BY JIM
ABRAMS
Associated Press Writer
WASHINGTON - They call themselves Main Street
Republicans, moderates
consigned to the back alleys
of politics by their own
party. But despite a severe
bruising in the fall
election, this minority
within a minority finds
itself with new avenues to
explore, including working
more closely with Democrats.
The
Republican Main Street
Partnership, a leading voice
of GOP moderates in
Congress, lost seven of its
48 House members to
Democratic challengers in
the November election. Two
other senior members, Rep.
Sherwood Boehlert, R-N.Y.,
and Jim Kolbe, R-Ariz., are
retiring.
The group
also saw Sen. Lincoln
Chafee, R-R.I., one of its
eight Senate members and
possibly the most liberal
Republican in Congress, get
swamped by the Democratic
deluge.
"We had some
difficult losses, people who
had been very vocal and
active in terms of being
moderates," Rep.
Mike Castle,
R-Del., a Main Street
leader, said in an
interview.
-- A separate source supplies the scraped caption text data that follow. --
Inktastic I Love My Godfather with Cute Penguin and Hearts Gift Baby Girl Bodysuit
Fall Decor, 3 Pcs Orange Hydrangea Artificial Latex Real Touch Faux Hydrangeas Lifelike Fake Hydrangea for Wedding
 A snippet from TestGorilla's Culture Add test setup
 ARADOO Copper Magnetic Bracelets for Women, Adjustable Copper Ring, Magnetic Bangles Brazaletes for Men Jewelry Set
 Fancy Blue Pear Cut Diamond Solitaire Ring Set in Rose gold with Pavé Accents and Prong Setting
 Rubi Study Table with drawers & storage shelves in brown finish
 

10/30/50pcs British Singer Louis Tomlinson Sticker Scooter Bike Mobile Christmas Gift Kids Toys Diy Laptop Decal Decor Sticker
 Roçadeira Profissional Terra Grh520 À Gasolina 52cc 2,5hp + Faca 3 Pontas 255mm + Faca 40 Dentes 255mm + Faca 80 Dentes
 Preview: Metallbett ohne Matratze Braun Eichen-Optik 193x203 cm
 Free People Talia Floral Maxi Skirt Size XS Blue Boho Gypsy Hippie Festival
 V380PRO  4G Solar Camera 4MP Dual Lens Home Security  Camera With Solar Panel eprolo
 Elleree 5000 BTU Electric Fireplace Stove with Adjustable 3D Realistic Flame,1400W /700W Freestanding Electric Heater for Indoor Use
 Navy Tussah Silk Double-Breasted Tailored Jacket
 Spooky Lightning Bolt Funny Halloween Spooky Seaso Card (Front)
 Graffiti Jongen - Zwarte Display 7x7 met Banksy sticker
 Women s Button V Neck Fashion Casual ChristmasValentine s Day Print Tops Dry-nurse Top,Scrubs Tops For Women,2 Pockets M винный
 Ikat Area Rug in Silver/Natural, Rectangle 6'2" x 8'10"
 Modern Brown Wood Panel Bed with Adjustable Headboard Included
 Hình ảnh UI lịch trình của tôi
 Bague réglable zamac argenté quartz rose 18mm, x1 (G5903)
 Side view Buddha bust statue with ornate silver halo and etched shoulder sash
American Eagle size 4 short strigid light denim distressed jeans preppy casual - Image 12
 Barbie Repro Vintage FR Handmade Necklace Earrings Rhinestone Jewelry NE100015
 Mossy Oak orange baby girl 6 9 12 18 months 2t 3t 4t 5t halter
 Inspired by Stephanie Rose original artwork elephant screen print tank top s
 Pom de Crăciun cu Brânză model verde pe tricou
Castle said his
group still can be a force
in the new
Democratic-controlled
Congress by working with
conservative and moderate
Democrats.
Holding
one-fifth of the GOP's seats
in the House, Republican
moderates will be needed by
Democrats, particularly on
such issues as expanding
stem cell research,
improving access to health
care and promoting
alternative energy.
Republicans moderates also
hold the key to any
Democratic hope of
overriding vetoes by
President Bush.
Rep. Mark
Kirk, R-Ill., a Main Street
member who also heads an
overlapping group of
centrists called the Tuesday
Group, said he plans to work
with the Blue Dogs,
conservative House Democrats
who are demanding a bigger
role in policymaking because
of their pivotal role in the
elections.
Kirk is
promoting a "suburban
agenda" that includes such
issues as tax-deferred
savings programs for
children and protecting
suburban open space.
The election
losses for GOP moderates
were all the more painful
because moderates on the
Democratic ticket
flourished, helping carry
their party back into the
majority. Indiana, a solid
red state, went from a 7-2
Republican advantage in the
House to a 5-4 Democratic
edge because three
Democratic moderates ousted
conservative incumbents.
"Indiana is
really more moderate than it
is Republican," said Robert
Schmuhl, a political analyst
and University of Notre Dame
professor. "That is
something we learned from
the election."
But GOP
moderates tend to come from
more diverse,
Democratic-leaning districts
that make them vulnerable
when the political winds
shift. That was the fate of
losing Main Street members
Reps. Rob Simmons and Nancy
Johnson of Connecticut.
Another
victim was Rep. Jim Leach, a
15-term lawmaker from Iowa
who opposed the war in Iraq
and supported abortion
rights. Other defeated GOP
Main Streeters were Charles
Bass and Jeb Bradley of New
Hampshire, Sue Kelly of New
York and Curt Weldon of
Pennsylvania.
Another
departed member is Rep. Mark
Foley, R-Fla., who resigned
in September after it was
revealed he had sent
sexually explicit electronic
messages to former House
pages.
Main Street
executive director Sarah
Chamberlain Resnick said
fiscal conservatives in her
group who share some views
with Democrats on social and
environmental issues were
also hurt because "the
Republican Party wasn't a
big enough tent" for them.
While the new
Democratic majority ranges
in political philosophy from
liberal Speaker-elect Nancy
Pelosi of California to
conservative freshman Heath
Shuler, a former NFL
quarterback from North
Carolina, Republicans
concentrated on shoring up
their conservative base,
Resnick said.
"If it all
adds up to just appealing to
a more conservative base,
then we are dealing at the
margins in terms of gaining
seats," Castle said of
fellow Republicans.
Moderates
were heartened that Rep.
John Boehner, R-Ohio,
considered to be open to all
wings of the party, defeated
conservative standard-bearer
Rep. Mike Pence, R-Ind., in
party leadership elections
earlier this month. But Main
Street's only spot in the
leadership went to Rep. Kay
Granger, R-Texas, one of its
more conservative members,
who was elected GOP
conference vice-chair.
Pence made a
name for himself by heading
the Main Streeters'
conservative counterpart,
the Republican Study
Committee. It went into the
election with 110 members,
almost half of all House
Republicans. Despite GOP
losses in the election of
30-plus seats, the RSC
expects to come close to
maintaining its current
membership level.
Meanwhile, of
the 13 Republican freshman
in the next Congress, only
one, Dean Heller of Nevada,
has said he is joining the
Main Street caucus.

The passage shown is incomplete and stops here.